Any suggestions for tracking the issue down would be appreciated.


----------



## kpa (Apr 9, 2013)

Is it an i386 system? There are some known problems related to kernel memory fragmentation when using ZFS on i386. The only solution afaik is to use hardware that supports amd64 and amd64 version of FreeBSD.


----------



## BlueCoder (Apr 9, 2013)

Yes it is an i386. It's a Pentium 4. What problems exist and are they documented somewhere?


----------



## kpa (Apr 9, 2013)

I can't give you any references right now but the biggest problem is the limited kernel memory address space that does not allow much "shuffling around" of deallocated memory pages to merge the pages into bigger units for re-use.

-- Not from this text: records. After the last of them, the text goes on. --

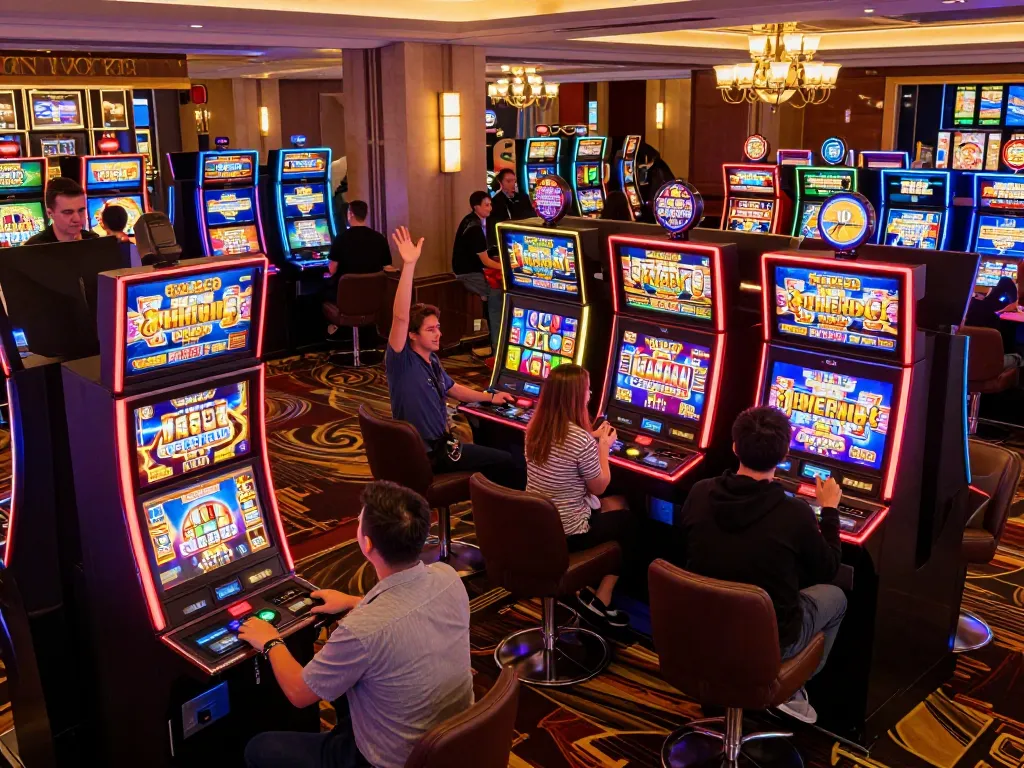 Players celebrate wins at XX88's vibrant slot machines in a modern casino atmosphere.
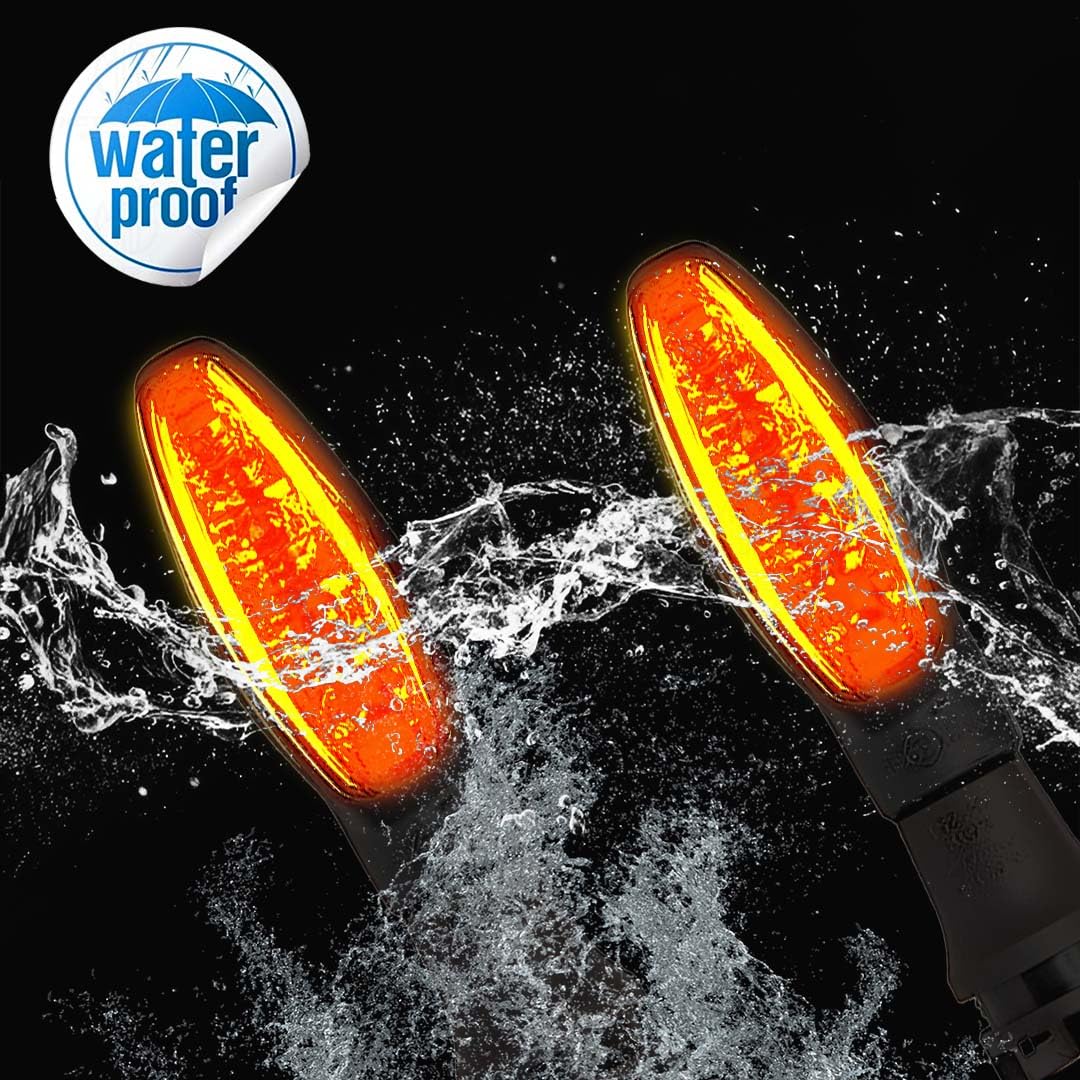 MOTO GENIUS Waterproof Flexible Silicone Rubber LED Indicator Light for FZ, R15, MT15 (BS4 + BS6), Ray Z | Unbreakable, Premium, and Durable Motorcycle Turn Signal Lights (2 Pieces)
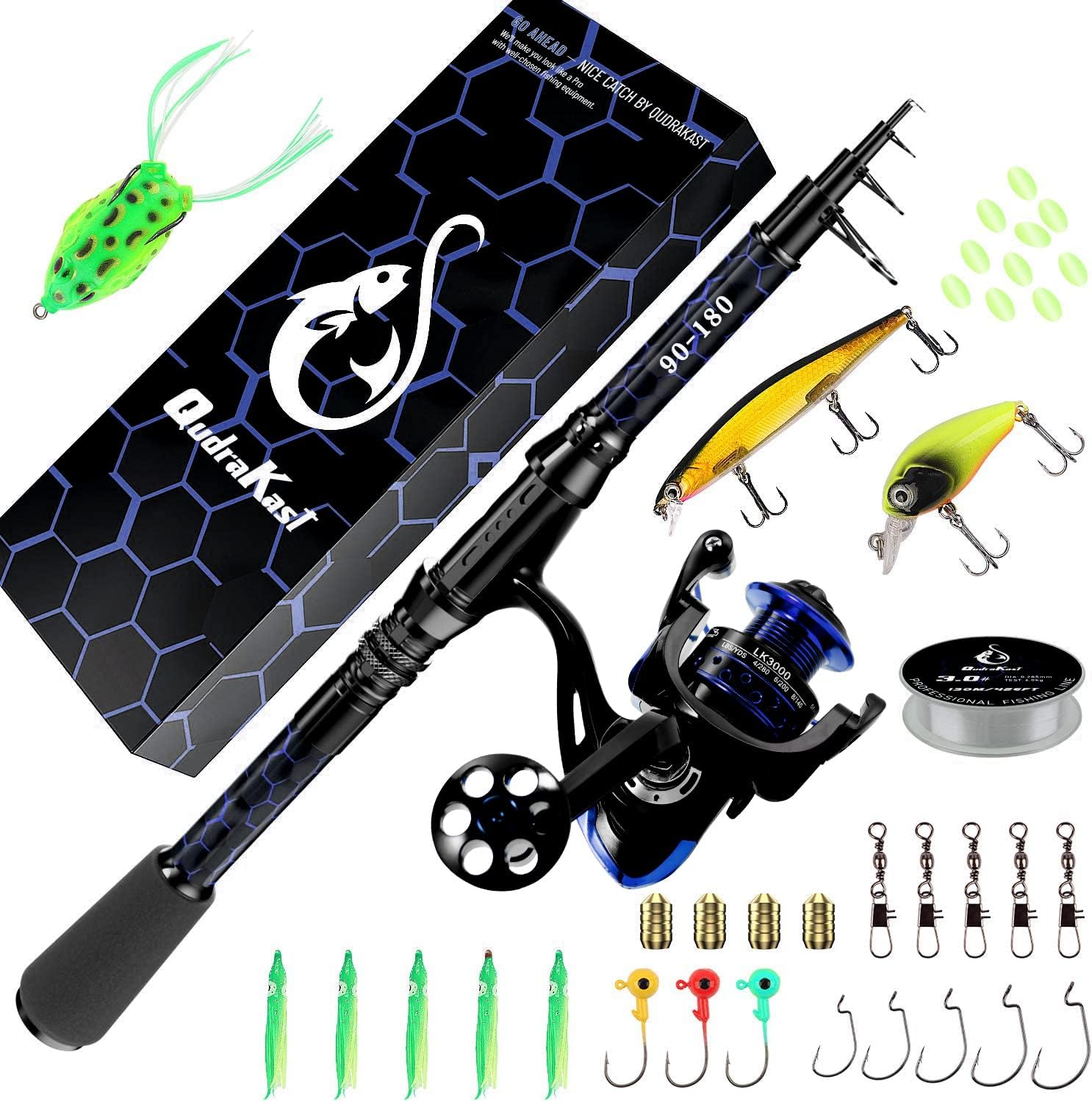 Carbon Fiber Telescopic Fishing Combo - QudraKast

This results in memory fragmentation when the system is on for longer periods of time. Eventually the kernel memory address space gets so fragmented that no more memory can be allocated resulting in a kernel panic.

AMD64 does not suffer from this problem because the virtual address space (address space, not the total amount of kernel memory mind you) for the kernel can be hundreds of gigabytes or even more since the addressing is not limited to 32 bits.


----------



## AndyUKG (Apr 9, 2013)

Can you post the output of [cmd=]top[/cmd] ordered for memory use and also the ARC section from [cmd=]zfs-stats[/cmd]?


----------